» **Task to complete**: Transcribe only the lines in the data below falling between the line with "Adela Tilted 4.5" and the line with "GUCCI GG Supreme", including those two lines, and leave out any picture.

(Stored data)
Content starts
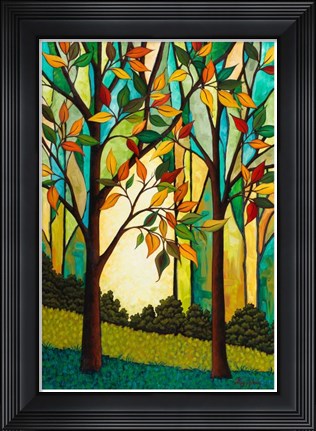 Framed Rusty Leaves Print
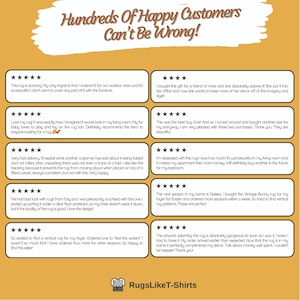 May include: A customer review graphic with the text "Hundreds Of Happy Customers Can't Be Wrong!" and multiple customer testimonials with star ratings. The reviews praise the rugs' quality, design, and customer service.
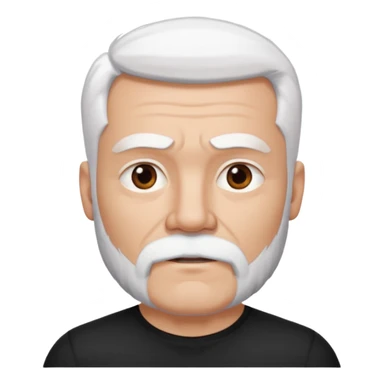 White haired muscled adult man with a black t-shirt. He has white beard with a short goatee. Dark brown eyes and some wrinkles. sticker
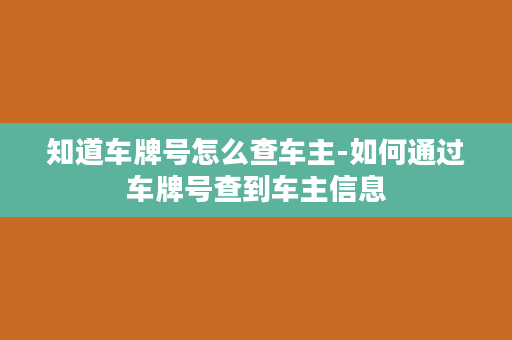 知道车牌号怎么查车主-如何通过车牌号查到车主信息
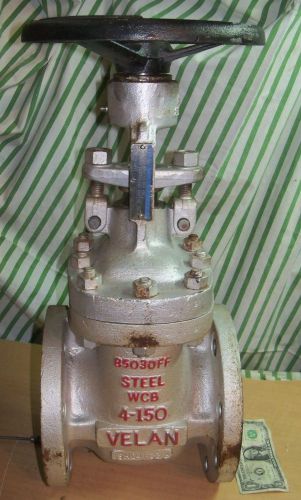 Velan hand-wheeled steel flanged 4&#034; gate valve used for sale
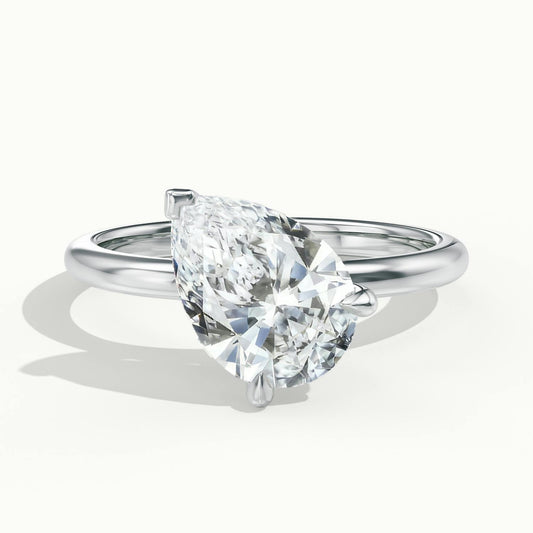 Adela Tilted 4.5 Carat Pear Lab Grown Diamond Hidden Halo Engagement Ring in 18K White Gold - view 1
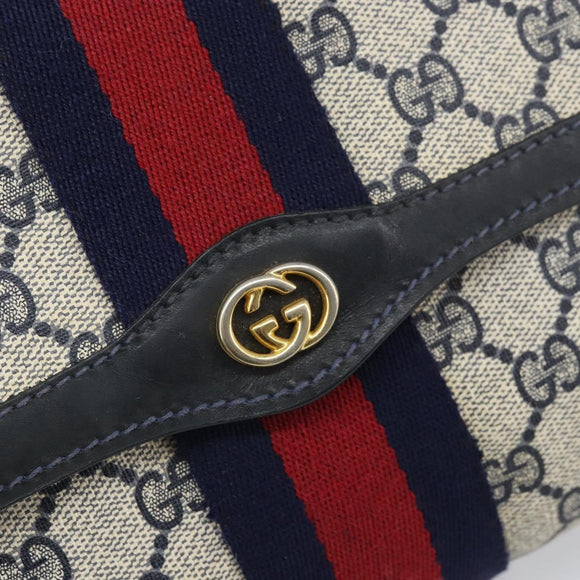 GUCCI GG Supreme Sherry Line Clutch Bag PVC Navy Gold 37 039 3087 Auth BA10493V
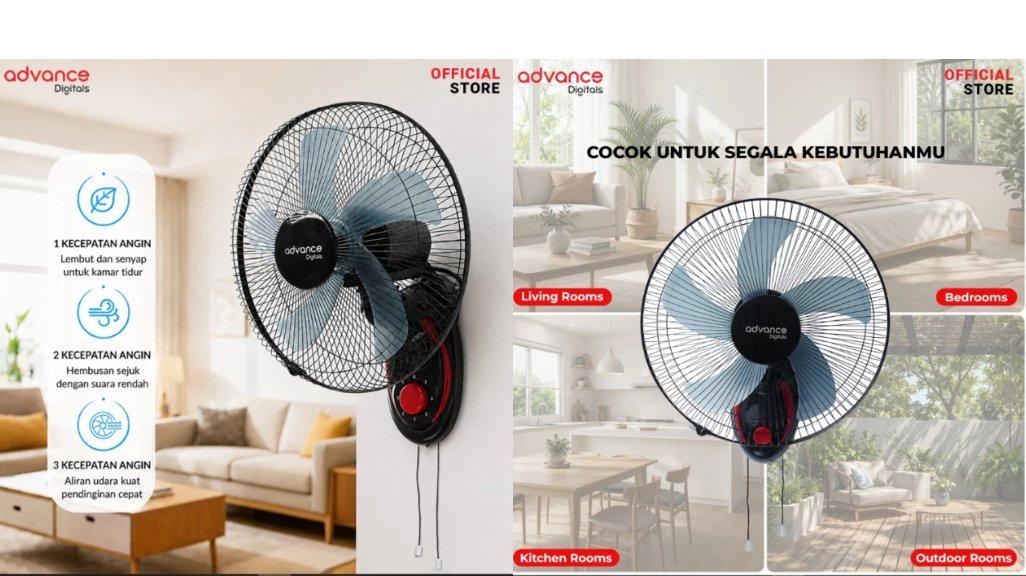 Advance WF1605 Kipas Angin Dinding Besi Wall Fan Ukuran Besar 16 inch WF-1605 Garansi resmi 1 tahun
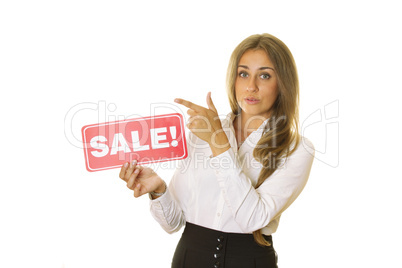 Businesswoman holding sale card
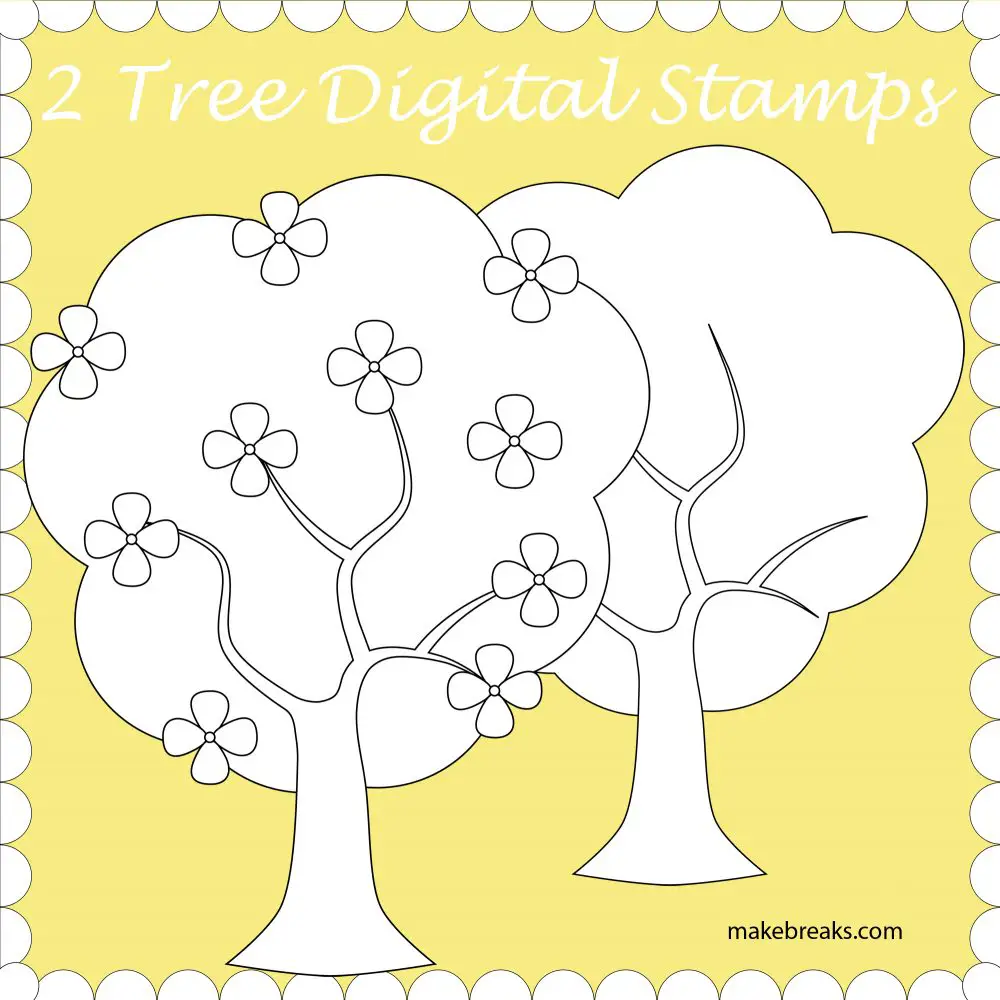 Free Trees Digital Stamp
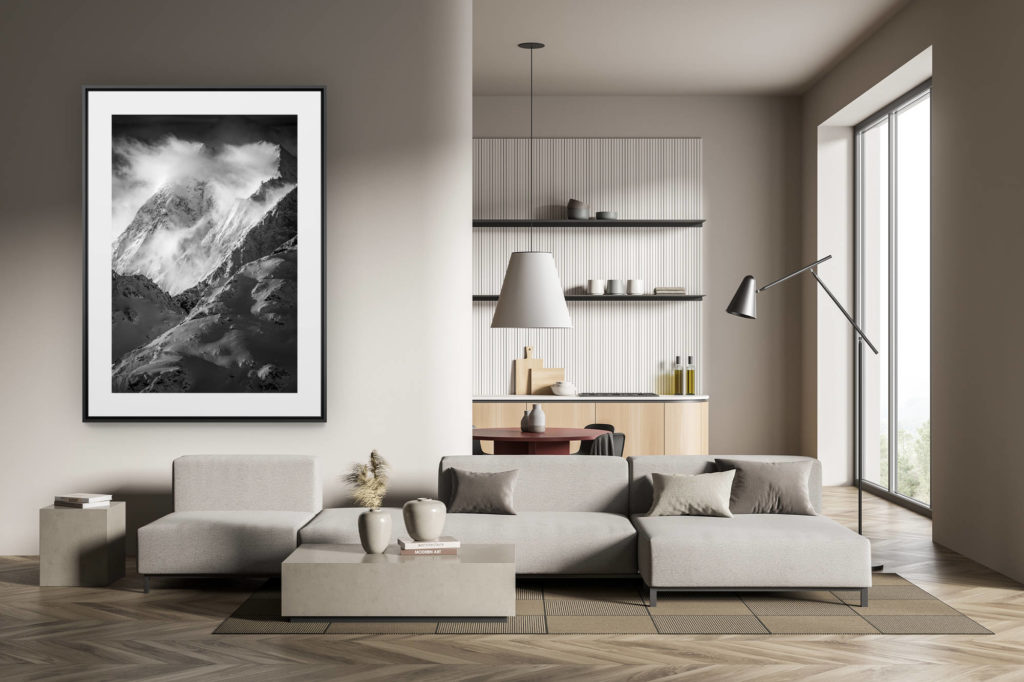 déco tendance salon moderne - photo montagne noir et blanc grand format - Val d'hérens - sommet des alpes suisses - Grande Dent de Veisivi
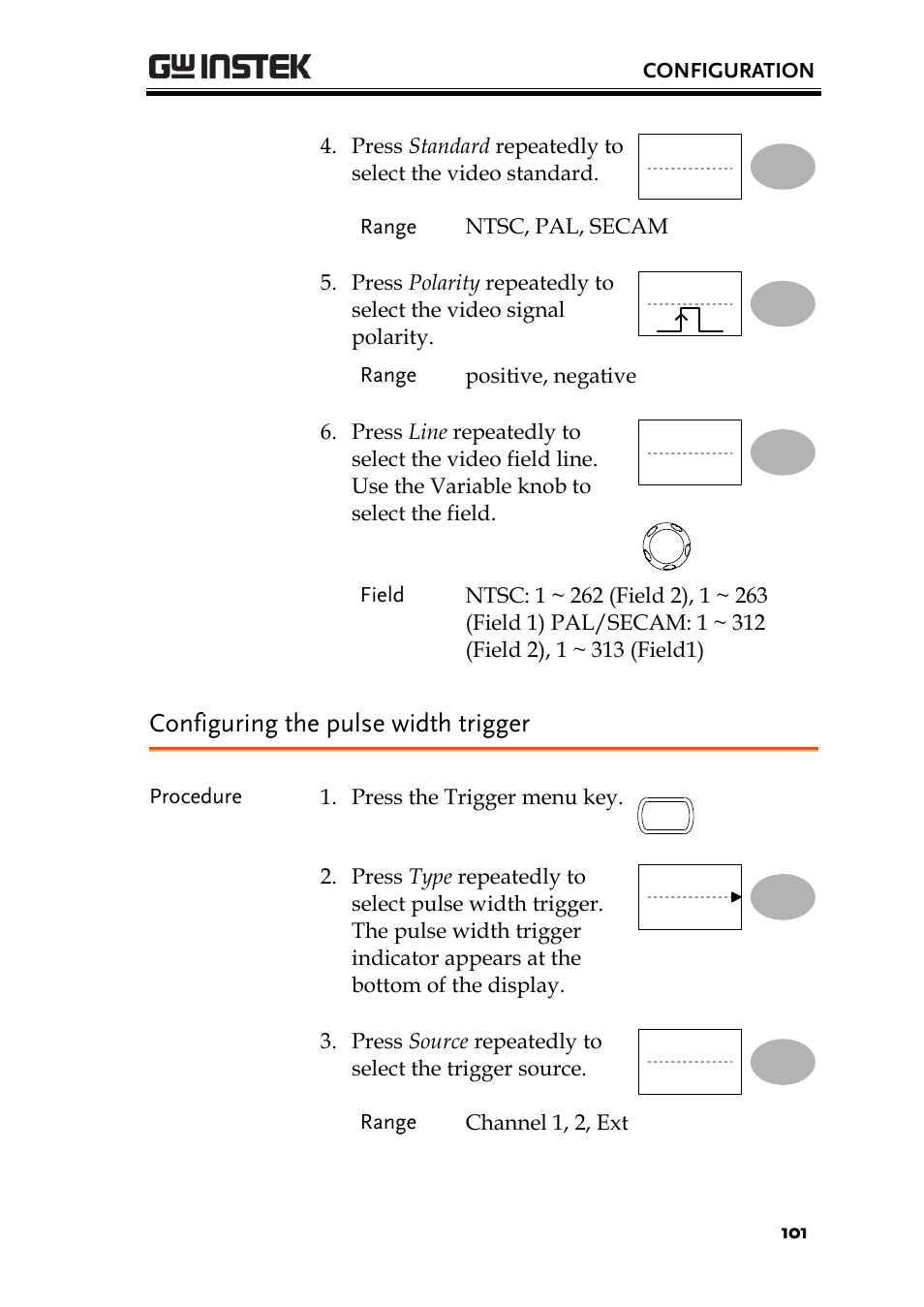 Configuring the pulse width trigger | GW Instek GDS-1000A-U Series User Manual User Manual | Page 101 / 148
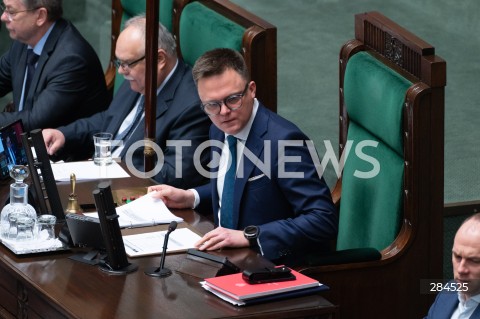  18.01.2024 WARSZAWA SEJM <br />
POSIEDZENIE SEJMU RP<br />
N/Z MARSZALEK SEJMU SZYMON HOLOWNIA<br />
FOT. MARCIN BANASZKIEWICZ/FOTONEWS  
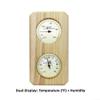 Wall-Mounted Sauna Thermo-Hygrometer with Wood Frame, 0–120°C and 0–100% RH view 2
Content ends
» **Solution to the problem**:
 Adela Tilted 4.5 Carat Pear Lab Grown Diamond Hidden Halo Engagement Ring in 18K White Gold - view 1
 GUCCI GG Supreme Sherry Line Clutch Bag PVC Navy Gold 37 039 3087 Auth BA10493V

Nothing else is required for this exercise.